この並び見るとやはり佐藤さんだけでなくても「NAOTOさん一択になるよ」と思う。
当該回は「賞金アップボタン」によるハンター10体起動もありえる厳しい回。その中でのミッションと言う事も考えるとやはり体力的な事を考えNAOTOさんを頼るのは当然の流れ。次善候補として春日さんなんだろうけれど、もし賞金アップ系が振られた時に「絶対にリスク度外視で賞金上げに来る」と考えると選びずらいというのもある。

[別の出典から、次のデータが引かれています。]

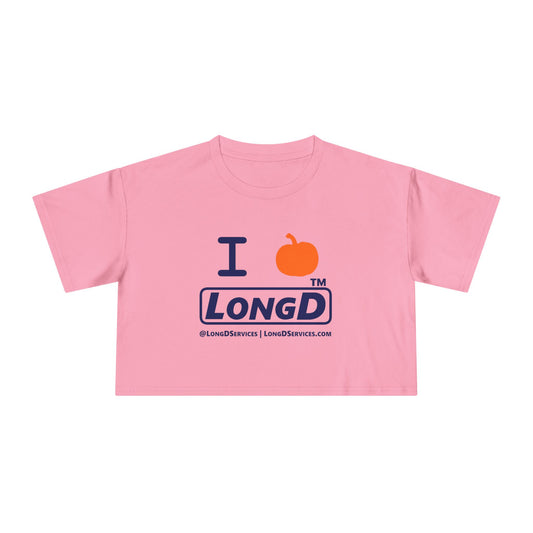 I pumpkin LongD Tag-domain positive basic Navy (002060) logo crop tee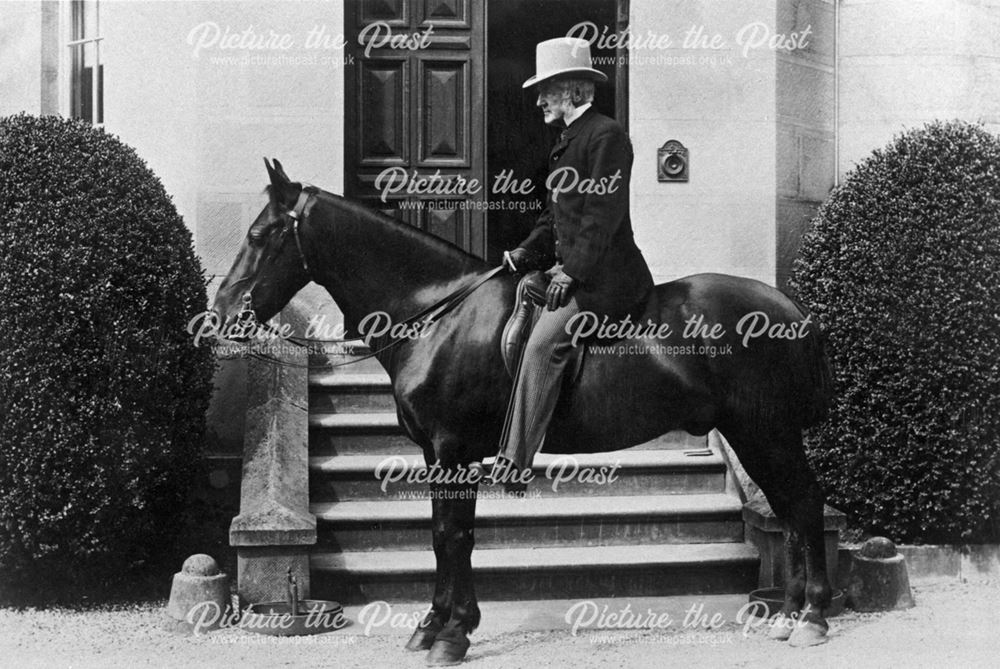 Mr James Arkwright on Horseback, Willersley Castle, c 1870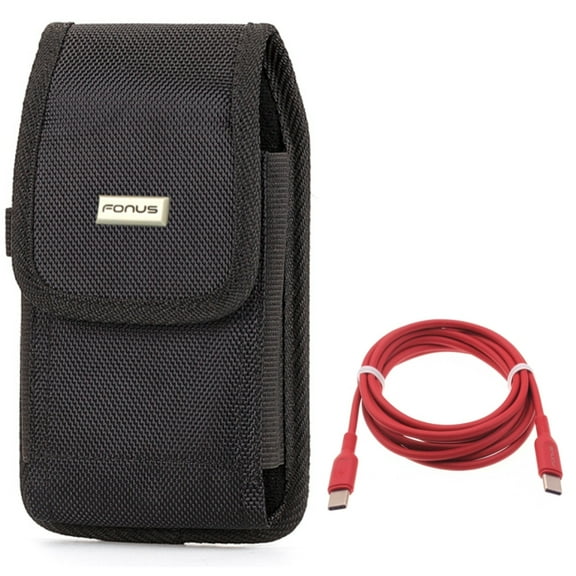 Case Belt Clip w Red 6ft Long Cable for Samsung Galaxy S22 Ultra,S21,S21 Ultra,S21 S20 Ultra,S20 Plus,Ultra Fan Edition,Fan FE 5G - Rugged Holster Canvas, USB-C to Type-C PD Fast Charger Cord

一方、斎藤さんの「お台場リベンジャーズ」では確保順に
Kep1er・ヒカルさん、Kep1er・シャオティンさん、松村沙友理さん、鈴木伸之さん、よゐこ・濱口さん、三浦孝太さん、モモコグミカンパニーさん、ハリウッドザコシショウさん、堀未央奈さん、狩野英孝さん、詩羽さん、次長課長・河本さん、いしだ壱成さん、M!LK・山中さん、朝日奈央さん、はじめしゃちょーさん、野々村友紀子さん、迫田孝也さん、なすなかにし・那須さんという面々。
復活した三浦さん・山中さんを除く次善候補としてはやはりLDH所属の鈴木さんか、ベテラン濱口さん、逃走成功経験者朝日さんあたりだろうか。
逃走中というゲームを20年見続けてきているが「これが最善手」というのはずっと分からない。絶対分からない。
多分「ミッションクリア(=自分の逃走成功)の可能性を上げる為」に復活させる人を選ぶというのであればある程度は読めるのだろうが、やはりそこに「普段お世話になっているから」とか「大好きな推しを救ってあげたいから」という「人情」「感情」が入って来るから分からない。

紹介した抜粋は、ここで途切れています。